◆ **Exercise brief**
Output the entries exactly as they appear. Pictures should not be included.

Stored records
══════

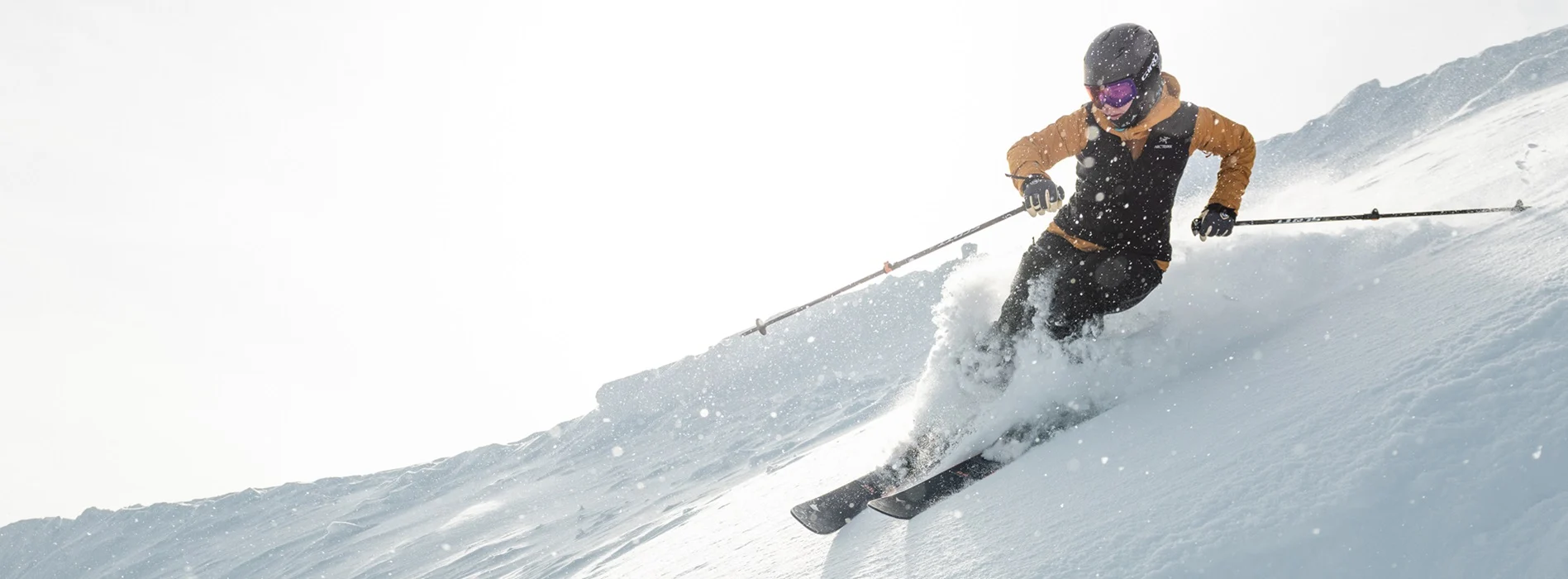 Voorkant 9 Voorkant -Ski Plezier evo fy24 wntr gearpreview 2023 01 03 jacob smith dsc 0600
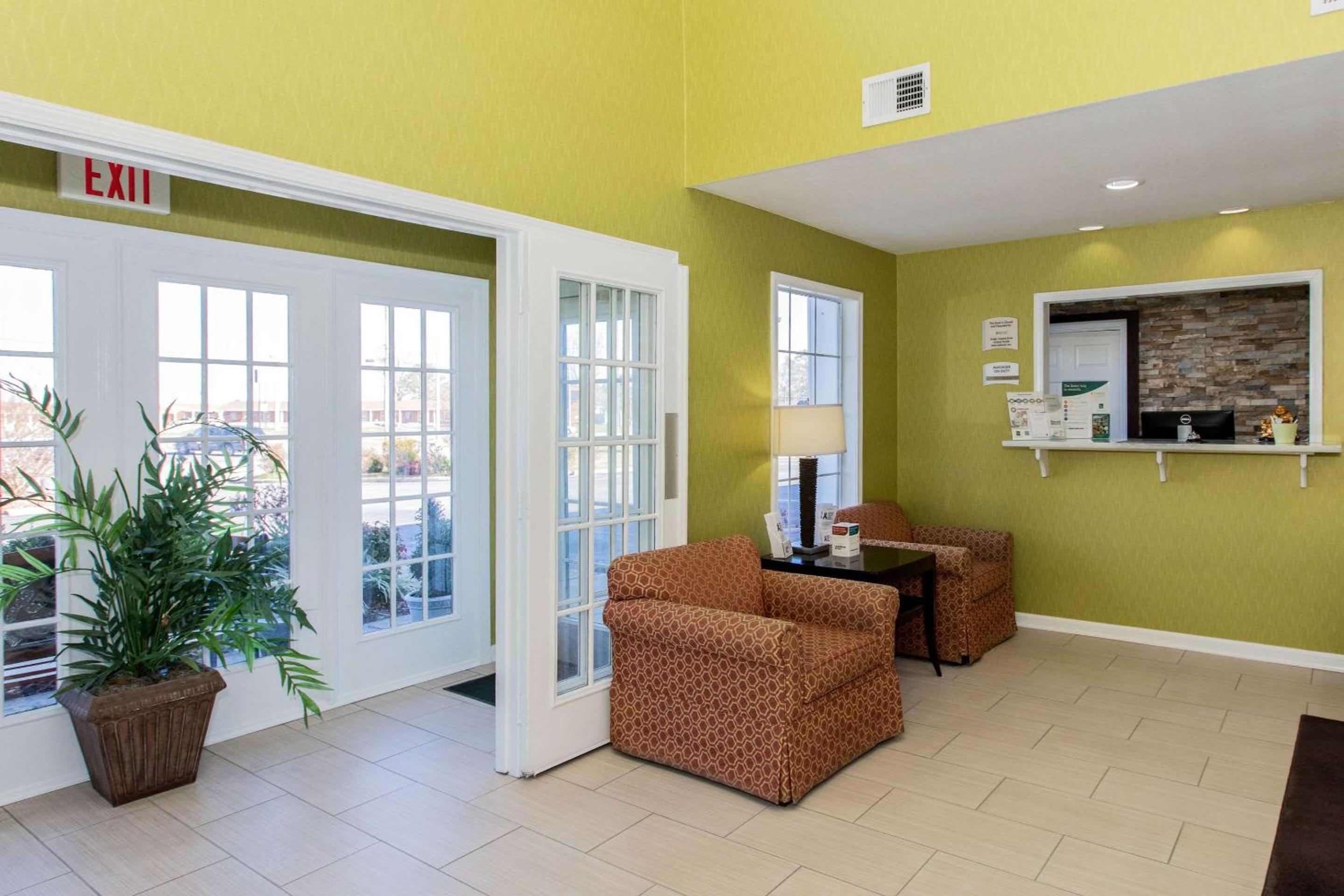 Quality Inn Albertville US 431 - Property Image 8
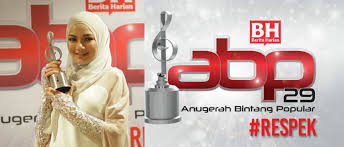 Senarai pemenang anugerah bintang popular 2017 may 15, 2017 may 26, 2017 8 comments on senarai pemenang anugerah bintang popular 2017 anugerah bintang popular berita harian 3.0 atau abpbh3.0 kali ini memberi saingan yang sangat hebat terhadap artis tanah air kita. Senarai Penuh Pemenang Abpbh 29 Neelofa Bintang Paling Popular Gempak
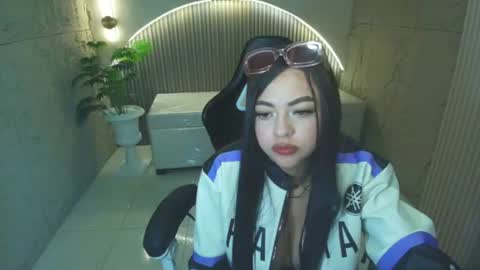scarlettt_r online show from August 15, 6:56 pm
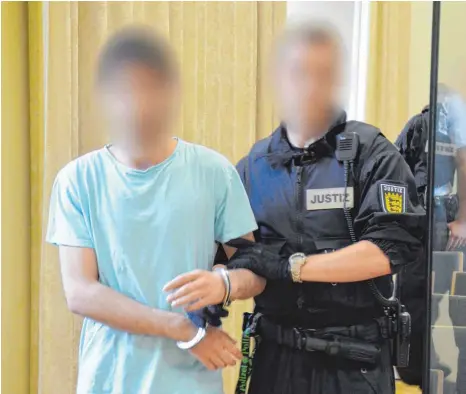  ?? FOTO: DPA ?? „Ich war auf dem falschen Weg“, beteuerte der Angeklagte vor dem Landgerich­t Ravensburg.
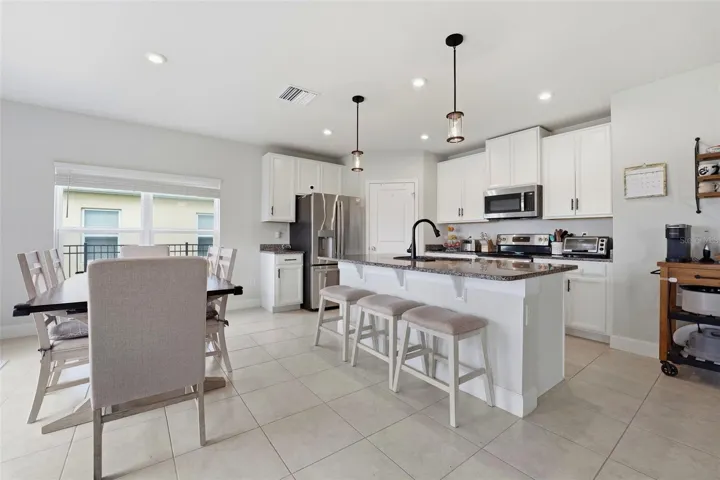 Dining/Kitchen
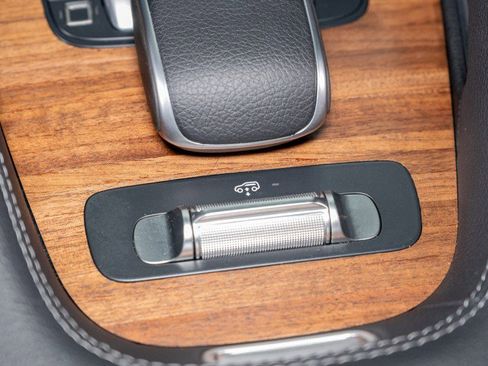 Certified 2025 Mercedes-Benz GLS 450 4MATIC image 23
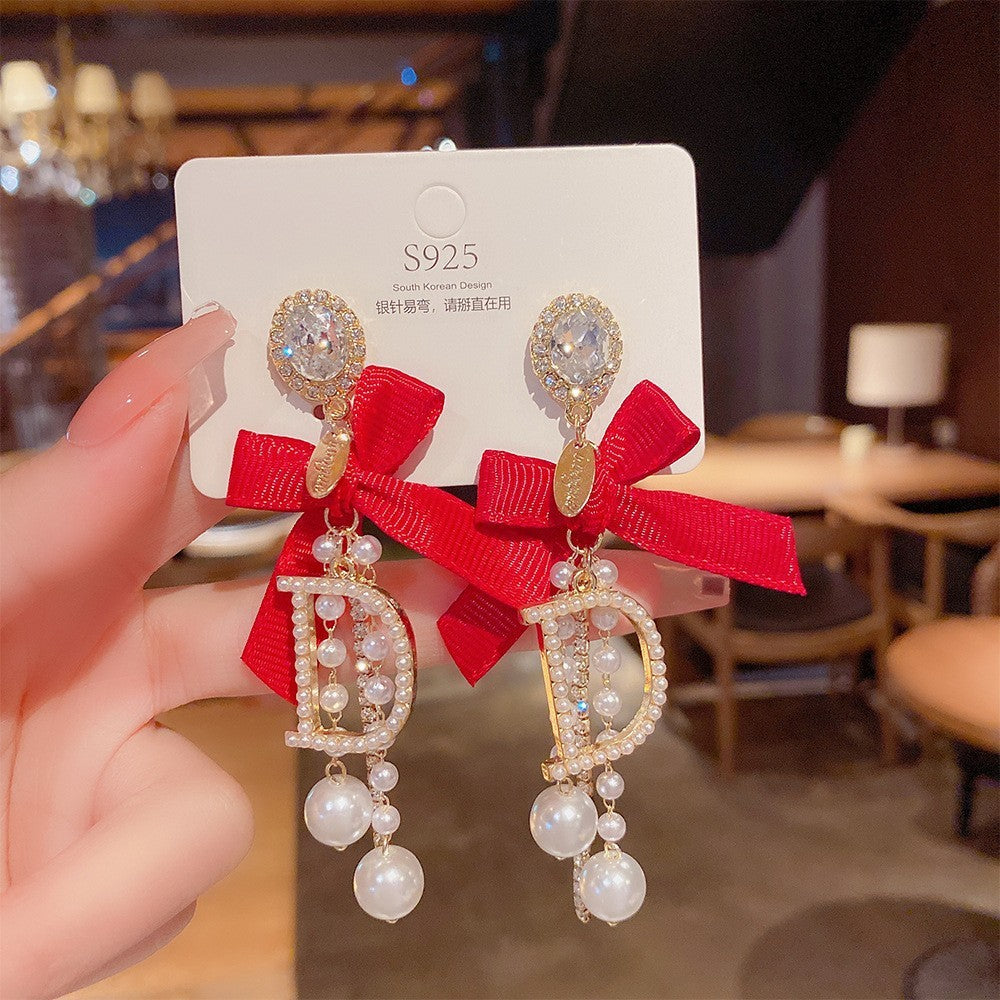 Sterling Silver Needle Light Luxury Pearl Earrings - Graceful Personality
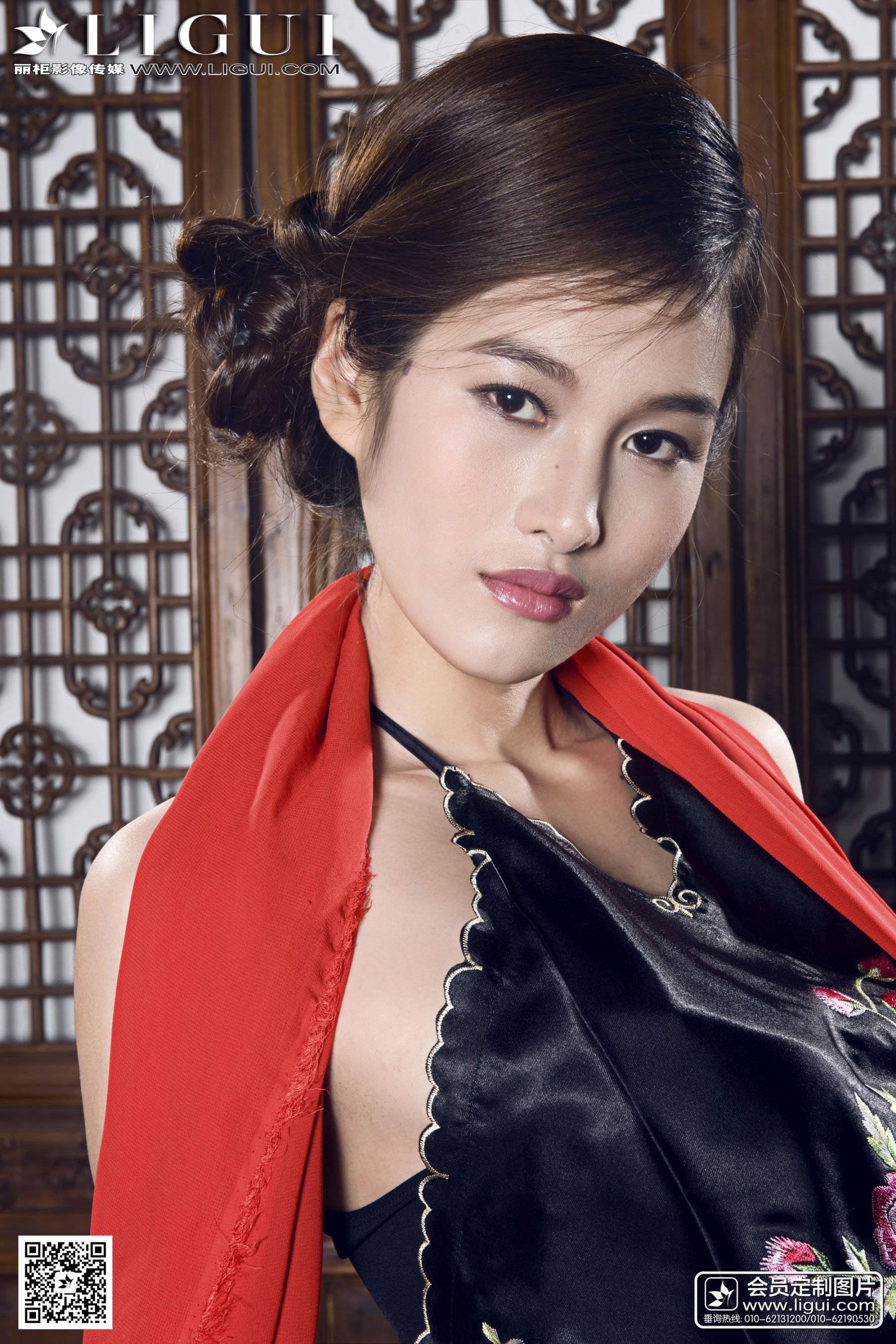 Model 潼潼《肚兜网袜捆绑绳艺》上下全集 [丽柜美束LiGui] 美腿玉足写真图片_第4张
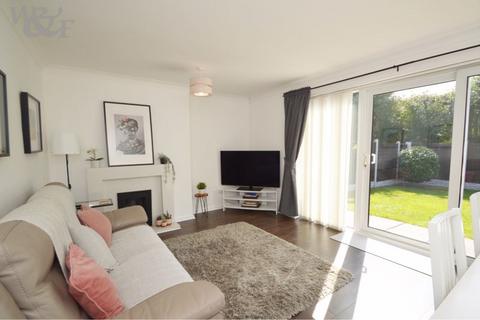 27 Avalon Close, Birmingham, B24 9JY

══════

◆ **Answer for the task**
 Voorkant 9 Voorkant -Ski Plezier evo fy24 wntr gearpreview 2023 01 03 jacob smith dsc 0600
 Quality Inn Albertville US 431 - Property Image 8
 Senarai pemenang anugerah bintang popular 2017 may 15, 2017 may 26, 2017 8 comments on senarai pemenang anugerah bintang popular 2017 anugerah bintang popular berita harian 3.0 atau abpbh3.0 kali ini memberi saingan yang sangat hebat terhadap artis tanah air kita. Senarai Penuh Pemenang Abpbh 29 Neelofa Bintang Paling Popular Gempak
scarlettt_r online show from August 15, 6:56 pm
  ?? FOTO: DPA ?? „Ich war auf dem falschen Weg“, beteuerte der Angeklagte vor dem Landgerich­t Ravensburg.
 Dining/Kitchen
 Certified 2025 Mercedes-Benz GLS 450 4MATIC image 23
 Sterling Silver Needle Light Luxury Pearl Earrings - Graceful Personality
 Model 潼潼《肚兜网袜捆绑绳艺》上下全集 [丽柜美束LiGui] 美腿玉足写真图片_第4张
 27 Avalon Close, Birmingham, B24 9JY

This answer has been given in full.